In Munoz-Gonzalez v. D.L.C. Limousine Service, the Second Circuit Appeals Court recently held that a chauffeured transportation company fits the FLSA’s overtime “taxicab exemption” despite the company’s recurrent service contracts and its lack of several conventional taxicab features like a taxi meter or roof-mounted signage. The Court’s interpretation of the term “taxicab” prioritizes the public’s ability to engage the service at-will over many characteristics traditionally associated with taxis. 

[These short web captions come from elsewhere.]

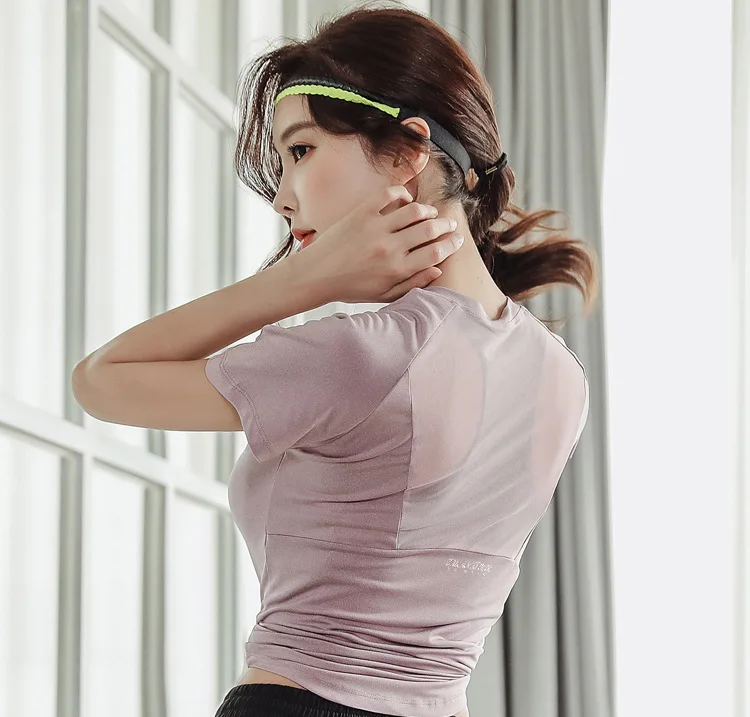 Women's Quick Dry Mesh Gym Tops Perfect for Running and Yoga, Breathable Athletic Summer T-Shirts with Short Sleeve Design
Women's Quick Dry Mesh Gym Tops Perfect for Running and Yoga, Breathable Athletic Summer T-Shirts with Short Sleeve Design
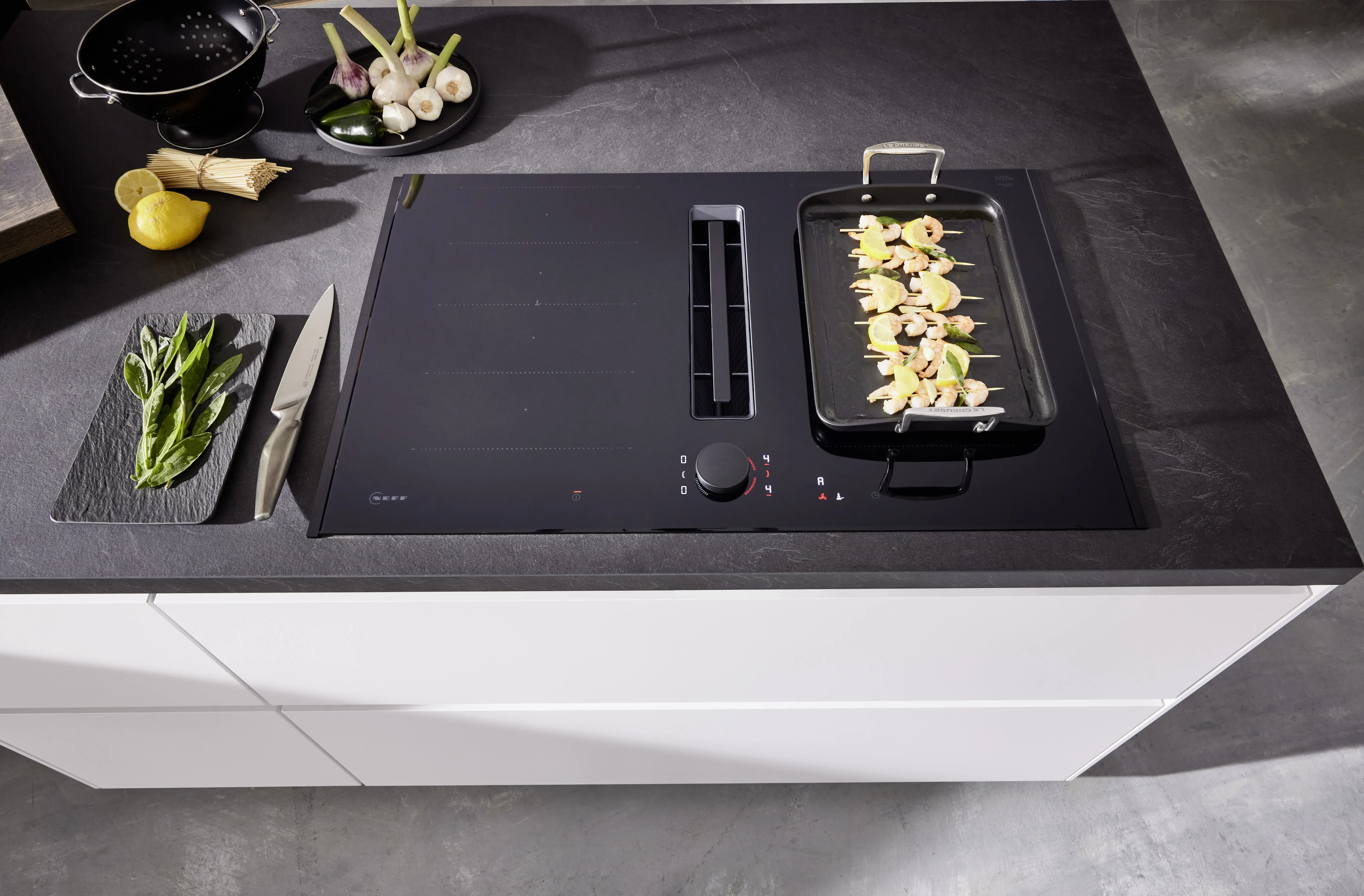 NOBILIA Alpinweiß mit Neff Geräten - Fokus auf Kochfeld mit Drehknopf und weiß-roter LED-Anzeige, mit Muldenlüftung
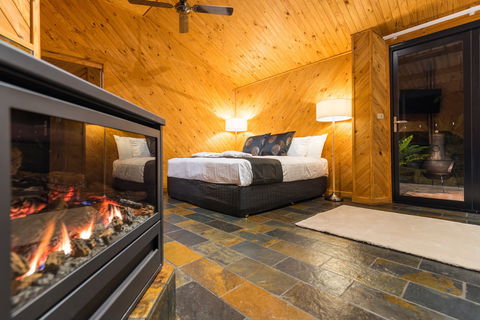 Waterfall Springs Retreat And Wildlife Sanctuary - Accommodation Search 4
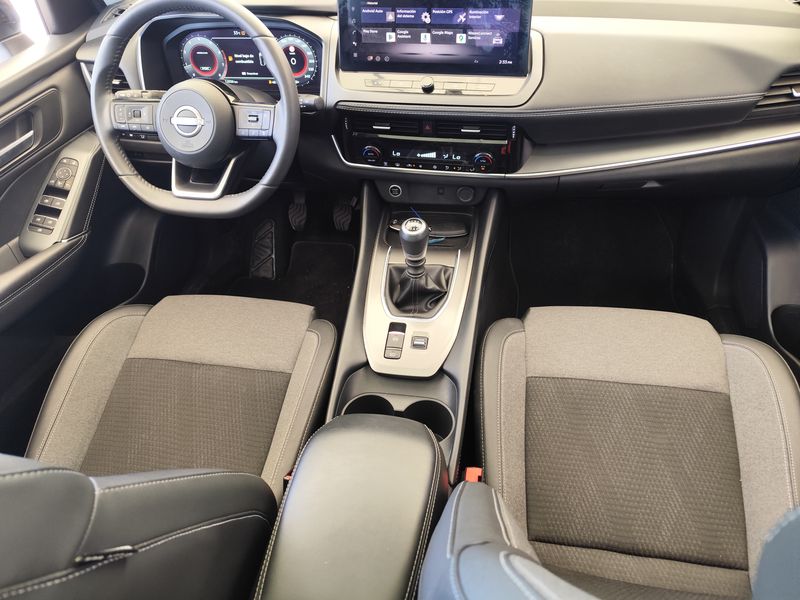 Nissan Qashqai 1.3 DIG-T Mild-Hybrid N-Connecta 2025 – снимка 11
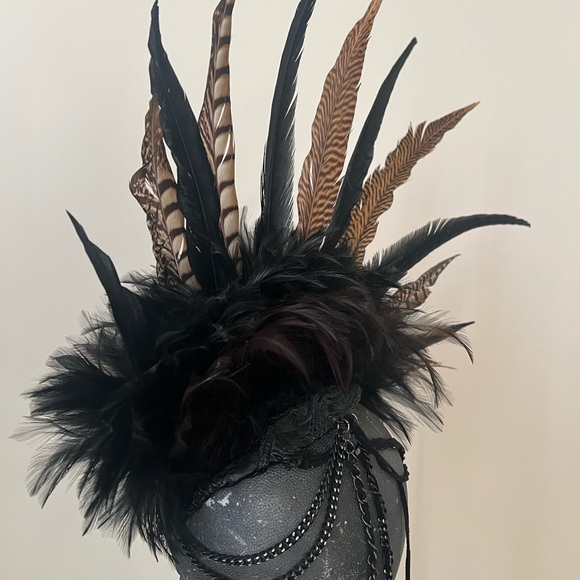 MissG Designs Mowhawk Headpiece - Picture 4 of 6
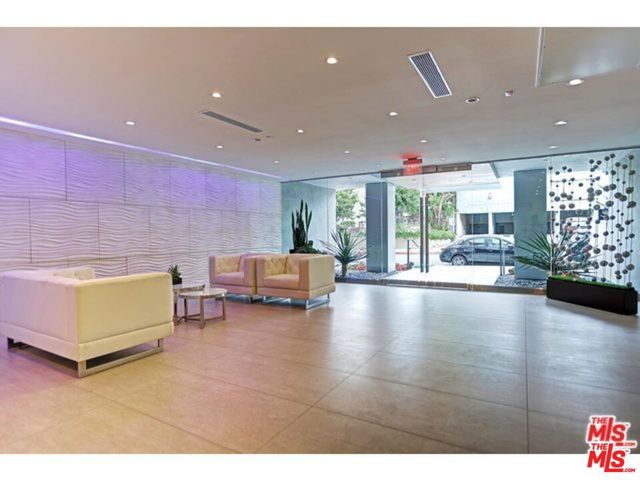 11657 Chenault Street 104 -105, Los Angeles, CA 90049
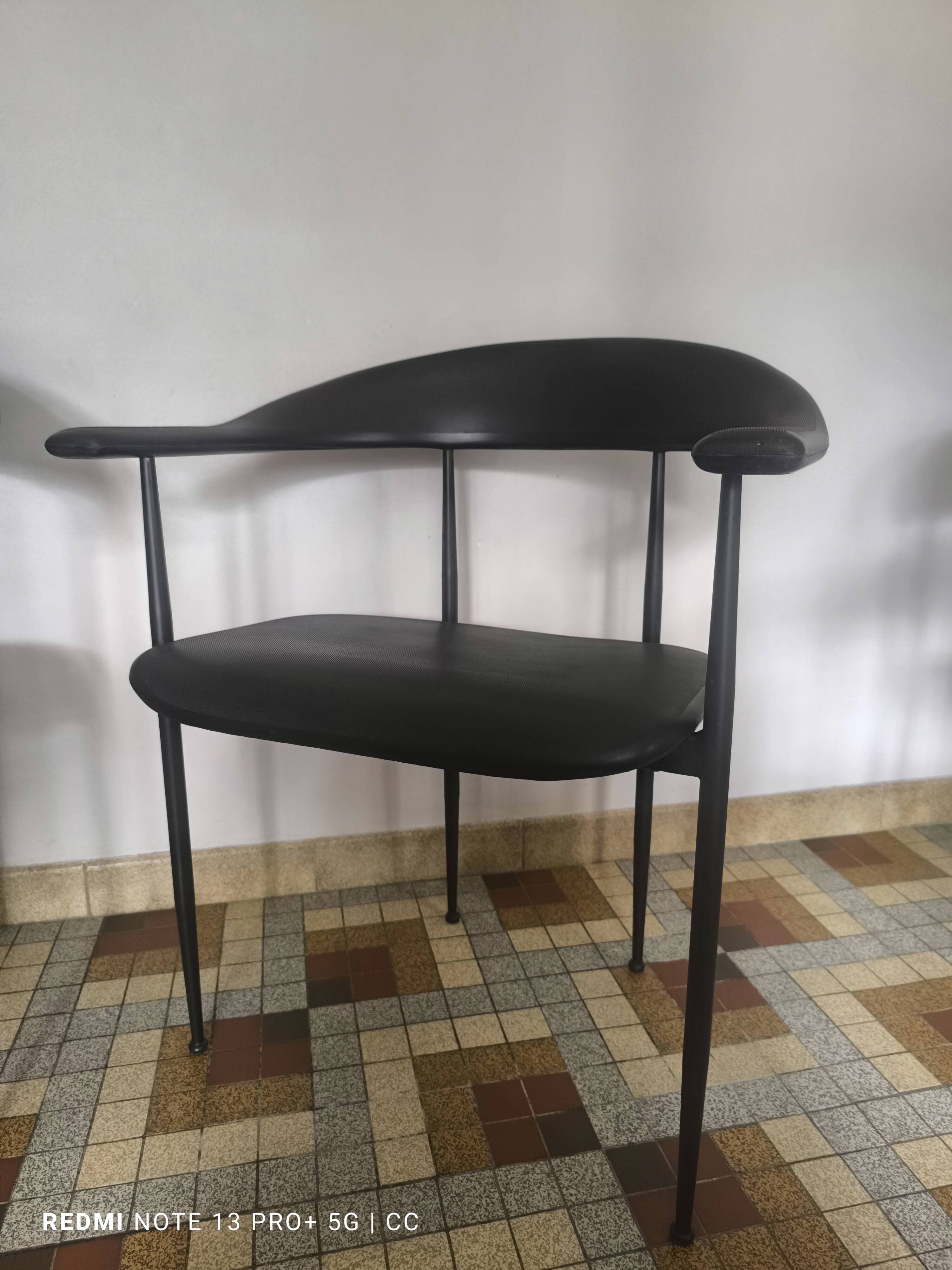 P40 fasem chairs by giancarlo vegni & gianfranco gualtierotti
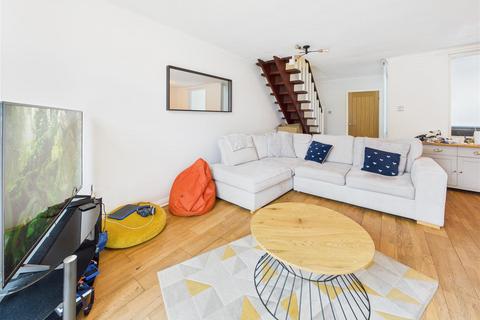 3 bedroom terraced house for sale, Esher Avenue, Walton-On-Thames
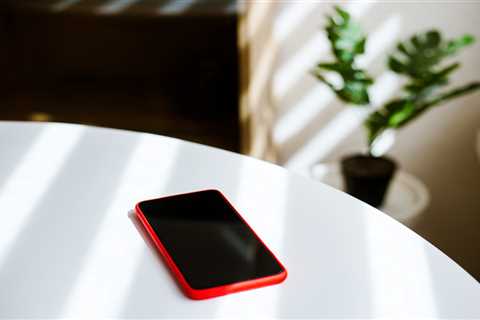 Shoppers Flocking to Amazon as Price of iPhone 13 Slashed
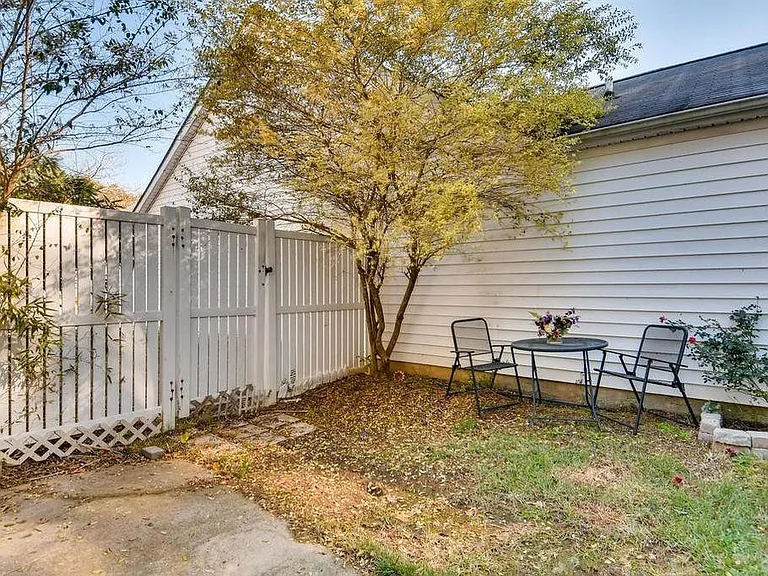 635 Chantress Ct — Photo 12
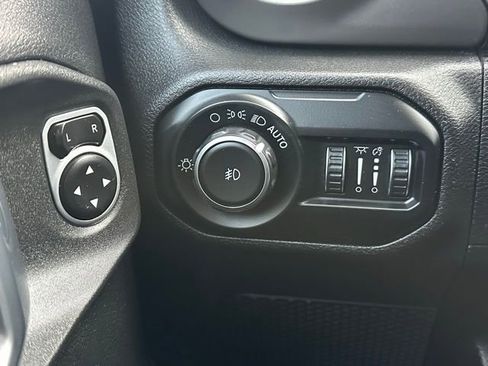 Used 2019 Jeep Wrangler Unlimited Sport S image 17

D.L.C. Limousine Service, Inc. (“DLC”) operates in New York’s Westchester County.  Most of DLC’s fares originate at the county airport taxi stand.  DLC also receives fares from a central dispatch available to the public. A small fraction of its fares come from contracts with a local hotel and a corporate contract. DLC cars do not accept street hails or use a meter. DLC uses luxury cars and requires drivers to dress in a suit and tie.

The Court defined a “taxicab” as:

            1) chauffeured passenger vehicles 

            2) available for hire by the public, and  

            3) without a fixed schedule or route.

The Court held that DLC’s cars are taxicabs whose drivers are thus exempt from overtime payments under the FLSA. The court arrived at this holding because DLC’s cars are primarily engaged at-will by the public through dispatch or at the airport stand. The Court stated that DLC cars do not “lose their essence” as taxicabs simply because it does not use taximeters or accept street hails. Indeed, most towns in Westchester County prohibit traditional taxis from performing street hailing service.

The case has significant implications for limousine operators in the Second Circuit (New York, Connecticut, and Vermont). Provided that a limousine operator has similar characteristics as DLC, it may benefit from the taxicab exemption under the Fair Labor Standards Act. Also, the court’s reasoning suggests that TNCs, such as Uber or Lyft, may benefit from this new opinion as well. We note that this opinion is not consistent with the Department of Labor’s traditional position on the taxicab exemption or potentially with other federal circuits around the country. So operators should consult with their counsel to determine the applicability of the taxicab exemption in their jurisdiction and with respect to their own operations.